Yo me reí. Del segundo me reí. ¡Porque tenerle miedo a las hormigas! Hasta yo, que soy el zorrino más miedoso del mundo, sé que las hormigas son inofensivas.

Pero mi caso es distinto. Mucho más delicado. Yo ya sé que nadie es perfecto y que uno tiene que aceptarse como es. Mi mamá, por ejemplo,  es malísima haciendo madrigueras. Y a mi primo Zuri no le pidas que te traiga miel porque se lleva re mal con las abejas. Cada uno tiene sus defectos y está bien,  yo no me quejo de eso. ¿Pero justo a mí tenía que tocarme ser miedoso?

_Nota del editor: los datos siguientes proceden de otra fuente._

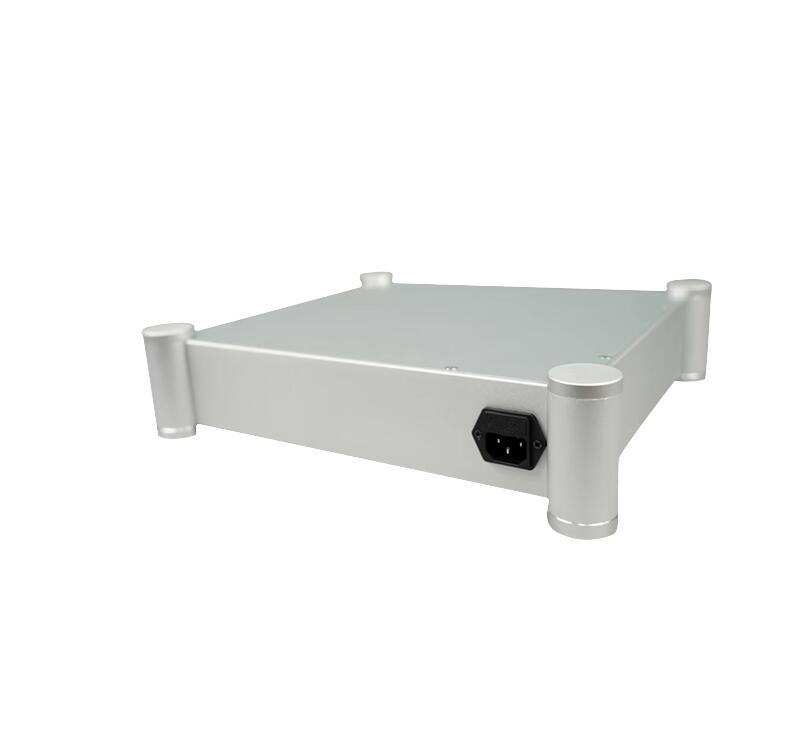 3607B Silver All Aluminum Amplifier Chassis tube Preamplifier Case AMP Enclosure HIFI DIY PSU Box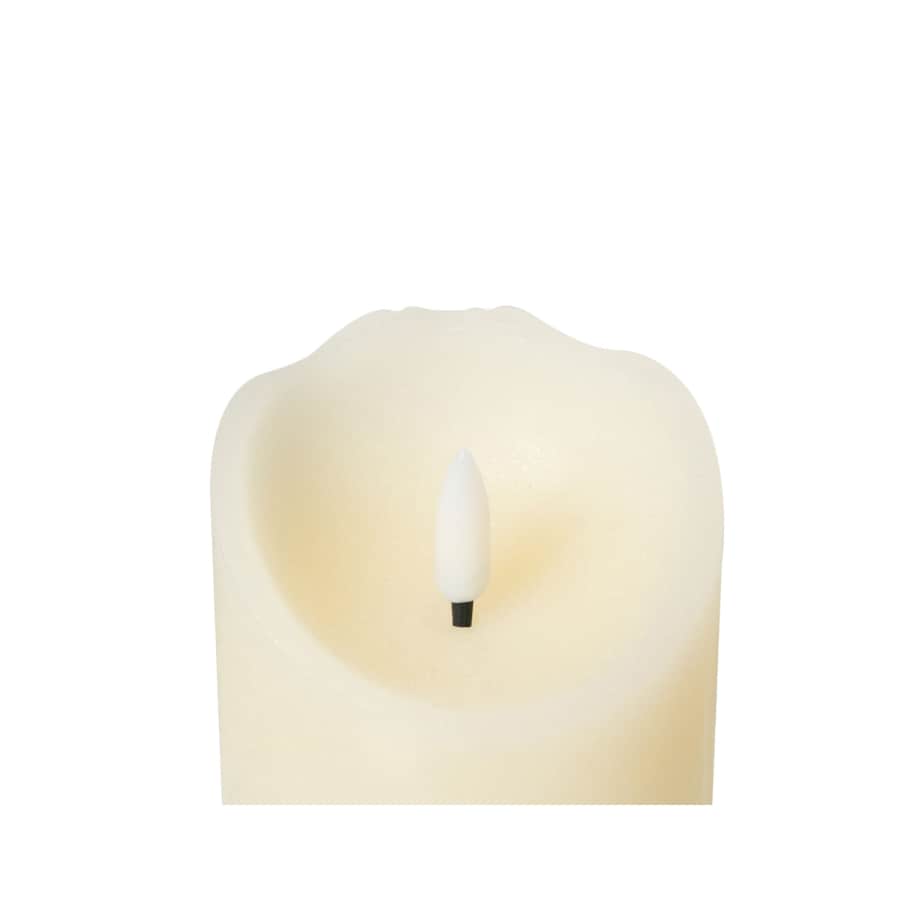 Zestaw 6 świec LED AMOREA 10/15 cm Złamana biel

Porque no me importaría ser un león miedoso. O una serpiente miedosa. Ni siquiera una mosca miedosa. El problema no es el miedo: no, señor. El problema es que soy un zorrino. Y, ay, los zorrinos cuando tenemos miedo… La cola se me levanta sola, así, de golpe, sin que yo pueda evitarlo y pufff… Ahí nomás lo rocío todo con este olor que ni yo mismo soporto. Y da igual que después te revuelques en el barro o te refriegues contra mil especies diferentes de flores: el olor no se va. Y se queda con vos hasta que pasan muchos soles. Y te lo llevás a la madriguera y  a cualquier tronco que te subas. Y lo peor, lo peor de todo, es que quedás en evidencia.

—Así que te pegaste un susto… —te dice uno.

—Qué cosa vos con el miedo —te dice otro.

Y encima te lo dicen desde lejos (tres árboles y medio de distancia, como mínimo), frunciendo los hocicos y haciendo la cabeza a un lado.

Y por eso, y no porque soy valiente, yo pregunté lo que pregunté. Porque yo quiero saber cómo hay que hacer para que los humanos te lleven a la luna. Según Don Búho, a veces precisan animales. Hubo una perra, Laika, que fue una astronauta famosa. Y bueno: yo también puedo ser.

Y eso no quiere decir que no me vaya a morir de miedo. Obvio que me voy a morir de miedo. Apenas se cierre la puerta del cohete espacial, no voy a poder evitarlo.  La cola se me va a parar de así de golpe, y puff… Ya todos sabemos.

Pero, bueno: al menos no voy a quedar en evidencia. Adentro del cohete voy a estar yo solo (porque dice don Búho que a los animales los mandan siempre solos) y una vez allá… ¿qué me puede importar?  Total,  384.400 kilómetros de distancia (es lo que según Don Búho, nos separa de la luna) son un poco más que tres árboles y medio ¿no?